- Services
- Solutions
- Cleantech Forum events
- Jobs
- About us
In order to understand investing in cleantech, you have to know energy and the energy markets. And beware, Silicon Valley: The great fortunes, wars, and economic crises of the world for 100 years were not technology-driven, they were energy-made.
Half the schools you went to were built by oil money. And the entrepreneurial spirit in this industry was born in the hardscrabble oilfields of Pennsylvania and Texas. The energy companies those entrepreneurs founded have forgotten more about technology in energy than you even know existed.
When it comes to cleantech and energy, what you don’t know can kill you.
Oil prices quietly (at least in the cleantech world) slipped below $80 last week, off some 50 percent from the highs a few months ago. And natural gas has fallen in sympathy, as it generally does. But no one’s talking about it.
It's easy to get caught up in the cleantech hype and forget that, only 10 years ago, oil prices fell by two-thirds, triggered in part by a rising supply from a decade of drilling, a nasty Asian flu, and a financial debt crisis, that time in emerging markets. Sound familiar? Oil then sank to less than $11 per barrel, less than one-thirteenth of its recent high.
And it's easy to forget that, during the half-decade following 1998, the not-yet-named cleantech investment sector hyped fuel cells, microturbines and distributed generation on the back of clean, cheap natural gas, which was the fuel of the future.
Rising commodity prices wiped 99 percent of those business cases off the map, until not a single cleantech venture investor discussed distributed generation at all. But after a short hiatus, solar and ethanol exits—on the back of some huge subsidies—came through, and cleantech boomed.
Only a couple of years ago, we as an industry debated the viability of hybrids and biofuels because of a break-even at $40 to $50 a barrel or higher (the oilman's break-even in Saudi Arabia is maybe $5 a barrel). Break-even at $40 in biofuels?
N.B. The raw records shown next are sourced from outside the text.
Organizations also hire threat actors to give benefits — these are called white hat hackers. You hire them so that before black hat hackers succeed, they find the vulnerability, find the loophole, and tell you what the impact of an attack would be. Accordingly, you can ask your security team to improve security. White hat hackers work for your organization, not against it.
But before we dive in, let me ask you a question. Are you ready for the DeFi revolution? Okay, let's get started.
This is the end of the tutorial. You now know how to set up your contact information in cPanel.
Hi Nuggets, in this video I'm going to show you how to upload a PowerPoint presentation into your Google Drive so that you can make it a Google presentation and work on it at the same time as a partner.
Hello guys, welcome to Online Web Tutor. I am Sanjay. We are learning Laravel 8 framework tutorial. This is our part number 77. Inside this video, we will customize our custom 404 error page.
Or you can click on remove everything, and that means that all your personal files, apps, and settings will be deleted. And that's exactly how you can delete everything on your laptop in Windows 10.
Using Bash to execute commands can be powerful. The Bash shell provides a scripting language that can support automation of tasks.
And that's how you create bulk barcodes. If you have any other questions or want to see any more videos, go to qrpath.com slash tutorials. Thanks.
Corn ethanol, maybe; cellulosic, dream on.
But the switch from methyl tertiary butyl-ether (MTBE) to ethanol came through on the policy side, and unforeseen growth in Chinese demand pushed oil prices to the stratosphere. The corn-ethanol plant owners built hundreds of plants at 5 percent of the size of an average refinery, made hay, and traded at tech multiples, only to get crushed when corn prices were driven up by (gasp!) demand. Then, higher natural gas and oil prices drove up their feedstock, fertilizer and transport costs and drove margins down.
Welcome to refining, freshmen.
It's easy to forget that the core economic value proposition for solar has the ever-present cost escalation analysis: "Lock in your power costs. Energy prices have risen x-percent per year. If they continue to do so you'll be paying 2.5-times your current power prices in 30 years." And that the solar industry quietly ignores the fact that energy prices will decline, not rise, with economic turmoil.
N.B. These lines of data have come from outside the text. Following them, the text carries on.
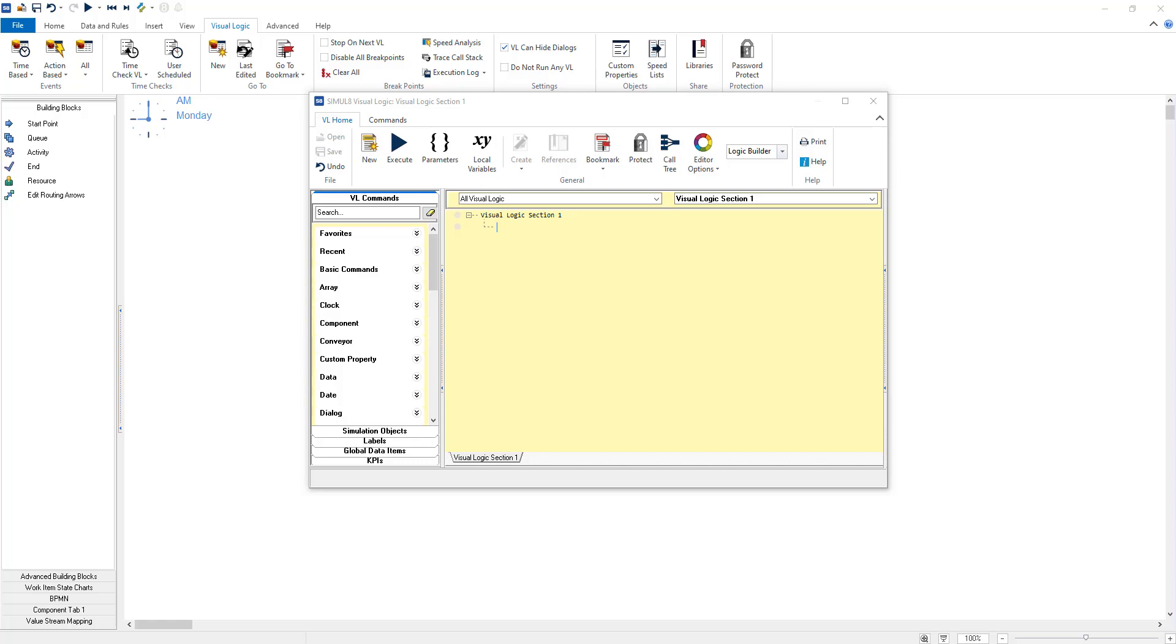Hi everyone, I'm Emma from the Simul8 products team and I'm excited to introduce you to the updates of our visual logic editor.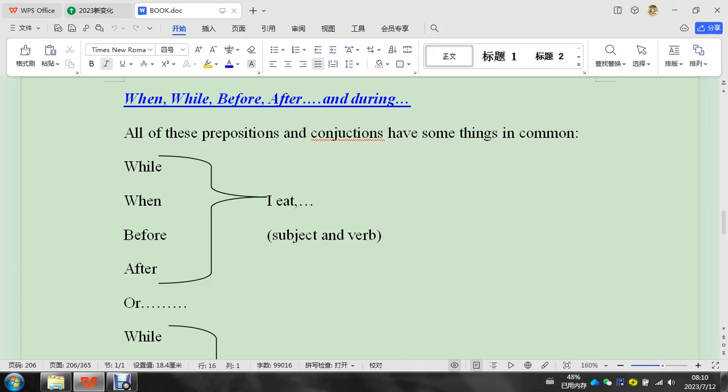So today we have when, while, before, after, and during. All of these prepositions and conjunctions have some things in common.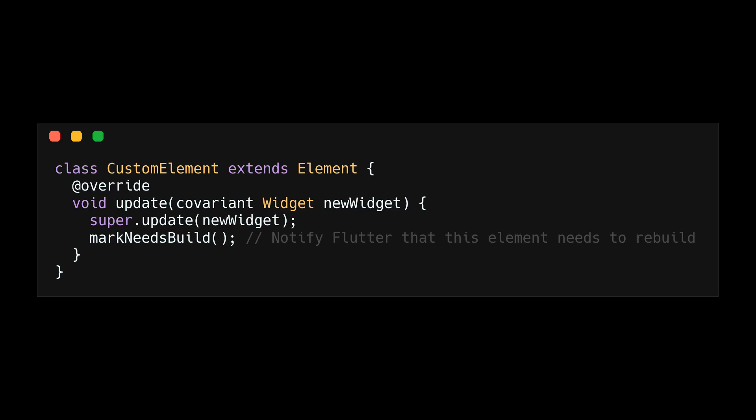The core purpose of the mark needs build method is to mark the element as dirty and schedule a new frame, which will result in our build method being rerun.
But the ITC and feed-in tariffs in the U.S. and Europe have come through, paying more than half the cost. And so the party goes on.
Energy is about commodity prices. Commodity prices are about cycles, supply AND demand. That demand is driven by GDP growth. In our global market, GDP growth is more interlinked than ever, making it more, not less, subject to cycles.
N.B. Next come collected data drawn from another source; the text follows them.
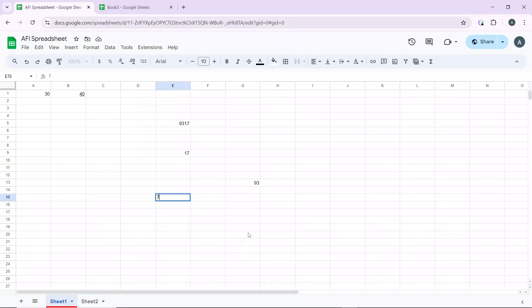Hello, in this tutorial I'll show you how to edit sheets on Google Sheets. Here's a step-by-step guide on how to edit sheets on Google Sheets. The first thing you need to do is open your Google Sheets, which I've done right here, then open the spreadsheet you want to edit.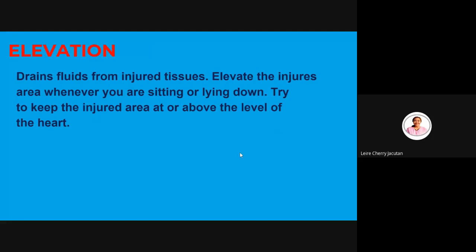E stands for Elevation: elevate the injured area whenever you are sitting or lying down. Try to keep the injured area at or above the level of the heart. For example, if sitting, raise the injured part higher. This helps drain fluids from the injured tissues, reducing swelling. If the injured area remains low, weight accumulates and it becomes more painful — that is why elevation is important.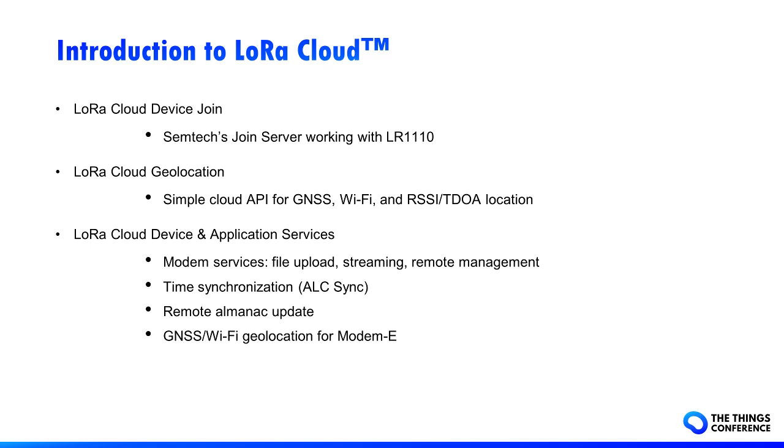The LoRa Cloud Geolocation Service is a simple cloud API for GNSS, Wi-Fi, and RSSI TDOA location. Its billing model is pay-as-you-go.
Alternative energy is called 'alternative' because it's the most expensive form of energy, meaning it's the swing producer, the type that will get killed in cycles (subsidies aside, of course).
The big fortunes made in cleantech investing to-date have not been made on high-risk, early-stage technology bets, but on 10- or 20-year-old technologies that were in the right place at the right time when the policies came in. Or, the low-cost manufacturers of mature, known technologies (think corn ethanol, wind developers and Chinese solar manufacturers) who moved fast when policies moved, making hordes of "that's not a venture" bets.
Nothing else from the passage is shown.